The project is Seven Stones, a collaborative short story & graphic novel effort with fourteen talented writers and artists. The idea: each of seven writers create a short story that centers around a meteorite (thus the title) in The Wrecked Earth. Then those seven tales are converted to comic scripts and seven artists bring their post-apoc vision to the table and create comics based on the stories.
We are at the short end of a crowd-funding run to pay for all this amazing work, and the logistics of coordinating so many moving parts form a complex and sometimes maddening spiderweb of tasks and roles-many of which I’ve had to learn how to fulfill on the fly. At the heart of it all is the world of the Wrecked Earth, a deliberately open playground that I created to give myself as much freedom as possible and, luckily, that worked out just right when it came to inviting others to the game.
Back in 2010 I wrote a three page comic script called “No One Escapes The Wizard”, with the idea that Danny Cruz would draw it and then we would pitch it to Mark Millar’s CLiNT magazine, which was having an open call at the time. The comic didn’t get made, but during the course of writing the script I had to answer quite a few questions, the answers to which later became the foundation for my world. It was to be a post-apocalyptic comic, short and sweet in the manner of the old Judge Dredd comics. Something filled with big ideas and over-the-top action, a pulpy-feel that didn’t require a great deal of scientific explanation behind why things were the way they were. Just some short-hand, thinly veiled reasoning and then we could get on with the action. As I developed the world I deliberately made choices that would give me maximum freedom for future stories (at this point I knew, regardless if this comic got made, that I wanted to do a lot of work in the world I was creating).
I didn’t want to be too tied down to the facts. If I wanted to tell a story where the hero fought his way through a ravine filled with mutated cows, but there was no ravine in that location in the real world, I didn’t want that to stop me! So I set to work creating the world my way.
What was the apocalypse? Meteor strikes! LOTS of them, all over the planet, for thirty days straight. Add the impacts to triggered earthquakes and screwed up weather systems and I could re-shape the landscape however I wanted. Keep the meteors falling, but make them sporadic and unpredictable to keep everything on a constant edge.
Where did the monsters come from? Radiation! Strange radiation that SOME of the meteors leaked, creating unpredictable mutations. (There are other reasons for the monsters I can’t go into yet… )
With these two elements in play, I could really come up with a ‘logical’ explanation for whatever I wanted/needed to inject into the world. From there other aspects of The Wrecked Earth started to take shape on their own, and I found myself discovering as much as I was creating.
With the re-sculpted (and still changing!) landscape, those that survived Rockfall (the initial meteoric destruction) were cut off from one-another. This meant that two towns only a few miles apart might evolve very differently over the years, creating perhaps radically different societies. Yet another advantage when it comes to storytelling.

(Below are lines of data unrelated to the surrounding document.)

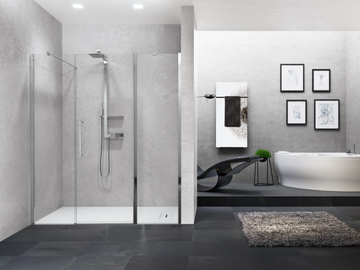 YOUNG 2P+FL - Niche shower cabin with hinged door by NOVELLINI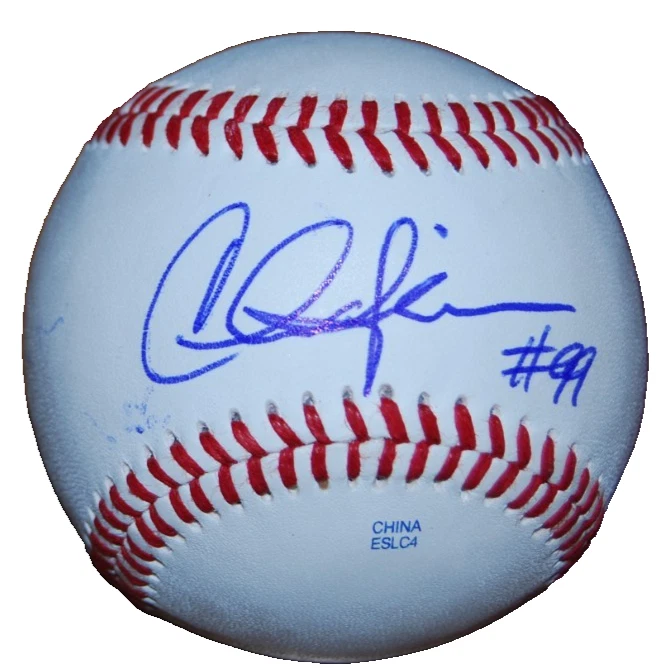 CHARLIE SHEEN signed (MAJOR LEAGUE) minor league ball BECKETT BAS BU41347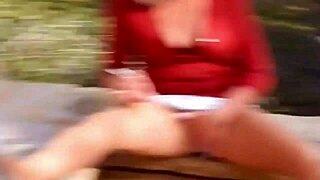 smoking pantyhose slut indulges in her outdoor fetish flashes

There is a meta-plot involved in the arc of The Wrecked Earth’s creation and history. I am taking things in a specific direction. But along the way there are so many stories to be told… and not just by me. I have my way of writing, my voice, as it were. Even when I choose to tell different kinds of stories in this setting, they are still my stories. The setting is bigger than I am, and I just knew there were things that could be done with it that I wouldn’t be able to do, because I’m just one writer.

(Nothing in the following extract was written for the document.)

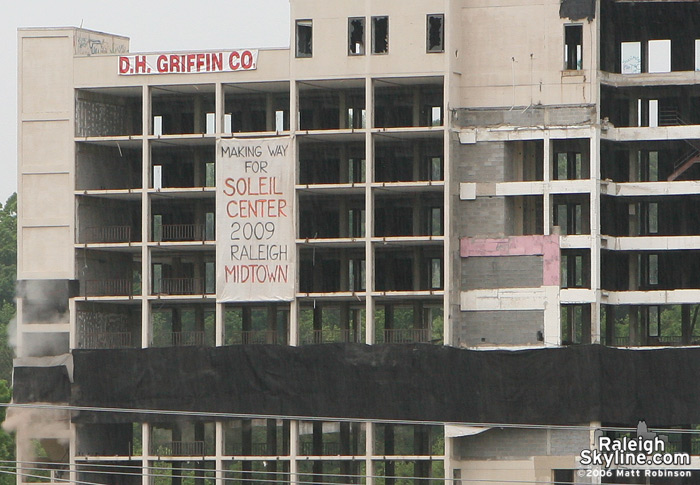 Raleigh Crabtree Valley Sheraton Hotel Implosion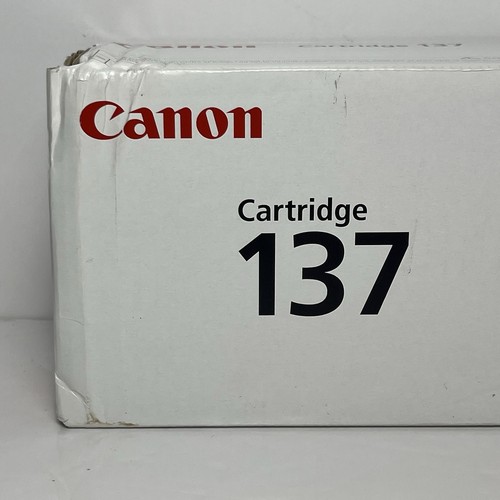 Genuine OEM Canon 137 Black Laser Printer Toner Cartridge - Brand New Sealed - Picture 2 of 12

So I invited a few others to come and play.
I did my best to give them the rules; I wrote a Writers Guide to The Wrecked Earth, and I laid out the parameters of this specific project. Inside that framework, however, I not only gave them the freedom to write whatever kind of story they wanted, I encouraged them to do so. I wanted to see The Wrecked Earth through their eyes, and I have been delighted with the results.
I get to become a reader in the world I created, and that is an amazing thing.